Leur point de vue est simple : "On nous attaque, on tue notre peuple et nous devons nous défendre, quelle que soit l’idéologie de chacun. Prenons les armes". Et pour cela, ils et elles rejoignent les supporters de foot antifascistes de l’Arsenal de Kiev, apparemment les seuls à être antifascistes en Ukraine - les autres sont nazis. Dans cet amalgame pour attirer des volontaires à tout prix, il n’y a jamais eu de volonté de politiser la lutte. L’anarchisme y est plus une étiquette utilisée, une identité, mais sans appels comme tels à la population. Il y a encore des compas qui essaient de savoir s’ils ont une section humanitaire comme le collectif de Kharkhov.

Mais c’est pire encore lorsque nous lisons leurs messages sur Telegram. Cela augmente la confusion de voir leurs vidéos et surtout de lire leurs récits. Dans l’un d’eux par exemple, ils disent même avoir reversé une partie de l’aide internationale reçue à des soldats de l’armée, à des unités de chars et même à des gens de la Garde nationale. Et cela fait sonner l’alarme. Certaines personnes ne veulent pas donner 9 000 euros pour des lunettes de vision nocturne qui finiraient par être utilisées par l’armée plutôt que par ceux et celles qui les ont demandées. Et d’autant plus quand on sait que les pays de l’Otan envoient des équipements et des armes évalués à des milliards d’euros. On ne peut comprendre cette subordination à l’armée, encore moins sans explication politique.

Dans leur désir d’aller au combat, il y en a qui ont rejoint l’armée ou les milices fascistes, parce qu’elles ont des armes. Ce ne doit pas être vraiment les personnes les plus politisées du mouvement. En clair, nous devrions déjà savoir que dans tous les groupes, il y a ceux qui ont une théorie et des principes très clairs, et ceux qui s’en moquent, ils sont avec notre mouvement plutôt par amitié, sympathie ou voisinage plutôt que par idées. Dans les milieux antifascistes, cela a toujours été très courant.
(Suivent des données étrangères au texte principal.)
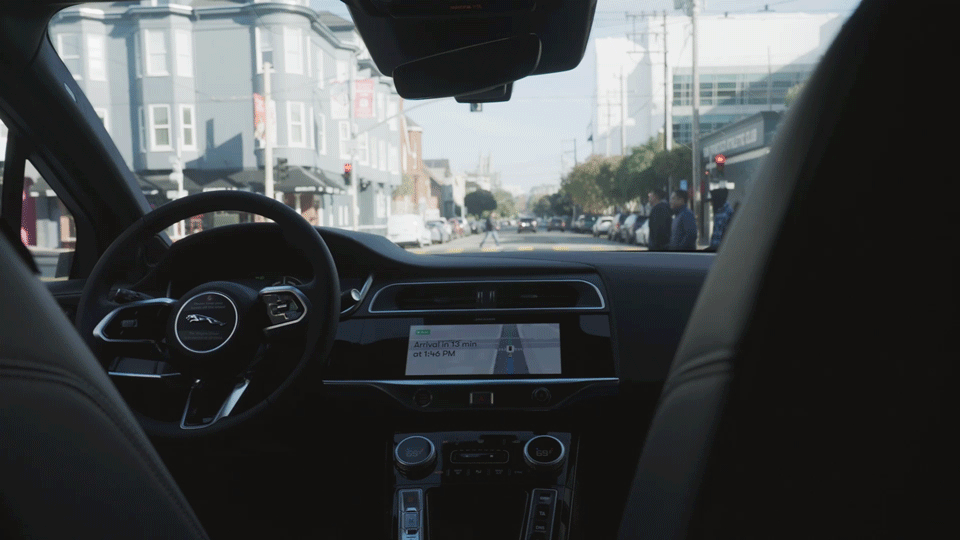 A Waymo sits at a red light in San Francisco A Waymo sits at a red light in San Francisco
Selon un mini-rapport ces jours-ci, des milliers de personnes entrent en ce moment dans le bataillon nazi Azov, de sorte qu’il ne s’agit plus d’un bataillon mais d’un régiment - qui est également enfermé à Marioupol et connaît vraisemblablement ses derniers jours. A présent, c’est comme une mini-armée. Il y a déjà deux bataillons Azov à Kharkhov et un à Kiev. Il existe des centres de recrutement dans toute l’Ukraine. Et ce n’est qu’une partie des milices fascistes. Il y a aussi le bataillon Aydar ou le bataillon Pravy Sektor, entre autres. Dans l’armée, les soldats sont bombardés depuis huit ans par la propagande fasciste en tout genre, sans aucun filtre de la part des autorités, donc il y a beaucoup d’ultranationalistes dans l’armée bien qu’il ne soit pas aussi développé que dans les milices ouvertement fascistes et nazies.

Bref, à défaut d’une d’information suffisante et vu les messages déroutants, le scénario à Kiev nous surprend complètement et ne nous rend vraiment pas service. Nous ne pouvons pas soutenir un combat qui n’est pas clair sur ses objectifs, au-delà de l’élimination de l’ennemi, et ce au moins jusqu’à tant qu’un plan de contrôle territorial ne sera pas défini, qu’une partie de leur soutien à la population civile ne sera pas rapportée - ce que nous pensons qu’ils font - et que les relations avec les nazis ne seront pas publiquement et clairement interrompues. Nous ne savons pas si, à ce stade, cela leur est possible ou s’ils ont déjà assez à faire pour survivre. Il doit y avoir un peu de cela. De même, il y a quelques jours, les médias antifascistes ont averti que si l’on s’enrôle dans une ambassade, on peut se retrouver dans les unités Azov.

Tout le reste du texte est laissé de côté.